Increasing the miles you run should be done gradually and here’s why.
If you’ve been running for a while, are finding the miles you run to be an easy workout and think it’s time to increase the distance you run, what’s a safe way to do it? For some people, they’ll just add a few miles a week and think that will work for them. Several injuries later, they’ll be surprised when it doesn’t. Sure, you could add extra miles every day without thinking it through and you might be lucky and not get injured. But, do you really want to take that chance? Follow these few simple tips though and you might not have to.
The big secret to injury-free mileage increase is to take it slow. Don’t add too many miles a week to the distance you run. It might look easy to add three or four miles extra on every run. Chances are it will end up more difficult than you thought, you’ll have a nasty accident and you’ll spend the rest of the running season sitting on the sidelines instead of running that big race.

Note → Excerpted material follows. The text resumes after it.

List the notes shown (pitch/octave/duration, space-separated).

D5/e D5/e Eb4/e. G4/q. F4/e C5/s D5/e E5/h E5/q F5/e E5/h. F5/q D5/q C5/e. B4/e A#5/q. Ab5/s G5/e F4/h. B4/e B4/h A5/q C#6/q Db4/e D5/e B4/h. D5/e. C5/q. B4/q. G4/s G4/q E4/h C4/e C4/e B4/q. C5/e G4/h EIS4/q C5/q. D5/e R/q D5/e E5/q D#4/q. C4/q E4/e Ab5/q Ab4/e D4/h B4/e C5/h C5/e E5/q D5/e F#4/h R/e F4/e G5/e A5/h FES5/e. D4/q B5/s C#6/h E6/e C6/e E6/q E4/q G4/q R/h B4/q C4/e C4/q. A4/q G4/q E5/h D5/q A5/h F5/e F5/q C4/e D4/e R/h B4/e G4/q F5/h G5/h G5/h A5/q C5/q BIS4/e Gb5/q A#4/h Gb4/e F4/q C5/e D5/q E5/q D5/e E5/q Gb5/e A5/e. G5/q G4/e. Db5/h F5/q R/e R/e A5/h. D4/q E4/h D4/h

Adding just one mile per run during the first week will prevent this from happening. If you add one mile extra for every run you do in a week, by the end of the week you’ll have added an extra four to six miles (I recommend one day of rest). Once you’ve run a week like this, make sure you do at least a month at that same level before you increase your distance again. If you try to increase your mileage per day too soon, you could end up right back where you started or worse.
Also remember, if you’re training for a marathon, build up to it slowly using the same plan. Don’t start out at five miles per run, be up to fifteen miles on week two, and then at full marathon distance by the end of the month. As crazy as it sounds, some runners do try to do this. Most of them however don’t actually end up running a marathon. They end up burned out or nursing a pulled muscle or other injury and wishing they’d taken it slower.
Remember, running longer distances requires smart planning and follow through. Only then can you be sure that you’re taking the best possible care of your body and also running smart. A smart runner is a healthy runner. Runners who forget this do so to their detriment.